Nor is there any justification for parents to be restricted in the schools they can send their children to, simply because they do not have the means to pay for a particular type of education. The school choice movement is all about extending to the poor the same choices that the rich already have.

While many New Zealanders do well in the school system, many others do not. Achievement data show that Maori and Pasifika students are far more likely to leave school without a qualification. The latest school leaver data show that Maori students leaving school with NCEA Level 3 or equivalent were over five times more likely to have attended an independent school than a state school (4.8 times for Pasifika and 2.5 times for Pakeha).

Why would we want to deny anyone the right to access the education that gives such results just because their family cannot afford it? There is only one answer, we wouldn’t.

We wouldn’t – and we shouldn’t; and the good thing is that there are clear policy paths for providing access to private, or any type of education – for who-ever wants to choose it, rich or poor.

Harvard University education policy expert Caroline Hoxby outlined some of those ‘school choice’ paths in her article in these pages a couple of weeks back.

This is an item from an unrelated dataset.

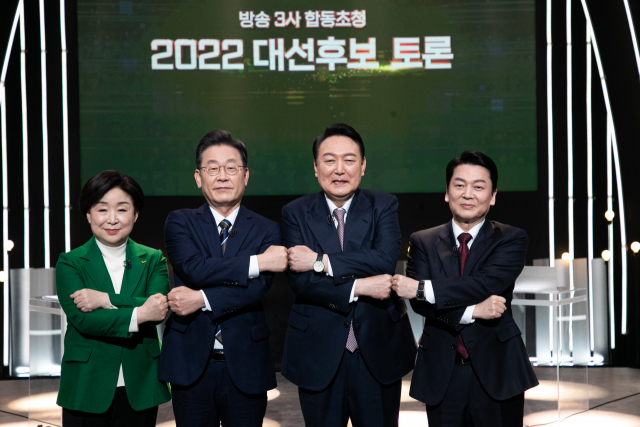 지상파 방송 3사가 공동주최한 대선후보토론회가 열린 3일 서울 KBS 스튜디오에서 정의당 심상정 · 더불어민주당 이재명 · 국민의힘 윤석열 · 국민의당 안철수 대선후보(왼쪽부터)가 토론회 전 기념촬영을 하고 있다. 연합뉴스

She showed how regulators can easily design policy so that choice in education is not the privilege of a few in society but is open to all; and how it can be designed for whatever the social goals of a country or city happen to be.

A growing body of research supports the view that choice can play a useful role in lifting student achievement. Research by Professor Hoxby has shown that competition from private schools led to increased achievement per dollar spent at regular public schools and that achievement increases were greatest at schools facing the most competition. She also found that public schools in areas with larger concentrations of Catholic schools performed better across a number of achievement indicators than those facing less competition.

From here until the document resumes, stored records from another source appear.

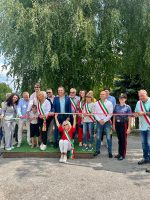 Il taglio del nastro della Festa del Bosco di Viola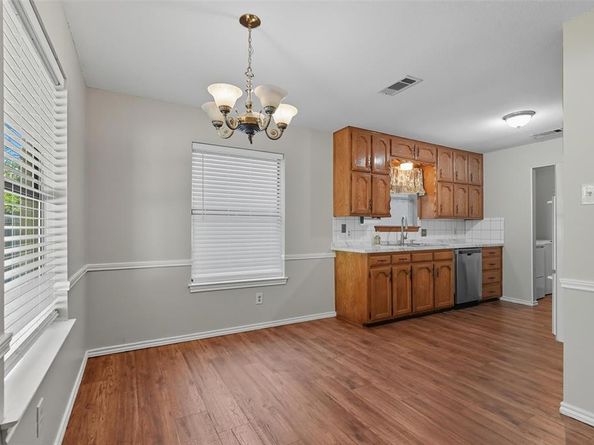 3422  Dovecreek Drive , Arlington Texas 76016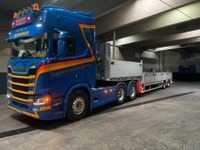 0367025 vehicle image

School choice is a policy that works if it is well-designed – and it is mainstream.

Countries such as the Netherlands, Denmark, Sweden, Ireland, Australia, Chile and Canada – among others – all have school choice in one form or another. And it is not some sort of Johnny-come-lately policy – the Netherlands has had school choice since 1917!

Sweden introduced school choice in 1992, and since then the subsequent opening up of its education system has introduced competition from independent schools, which has improved test results in state schools.

Support for school choice spans political divides. It is not necessarily a left/right issue. In Canada, governments of various political persuasions support funding for independent and religious schools.

Under Tony Blair’s Labour Government, the United Kingdom is working on a range of measures to give parents more educational choice. Many Democrats in the United States support Charter schools – the fastest growing school choice segment.

School choice enjoys considerable support among parents – two New Zealand surveys in the past two years, and several overseas studies, have found wide support: A National Business Review poll conducted in 2003 found that 52 percent of respondents thought private education was better than state education (with the highest support – 63 percent – among Maori) and nearly half said they would send their children to private schools if they could. The Maxim Institute’s recent Colmar Brunton survey found that 84 percent of parents believed that individual schools should be allowed to teach their individual community’s positive values.

Opponents of school choice in New Zealand are becoming increasingly isolated from the mainstream of thinking on school reform and, more importantly, the wishes of parents. The backlash against the government’s anti-choice ‘20 free hours’ ECE policy is further proof of that.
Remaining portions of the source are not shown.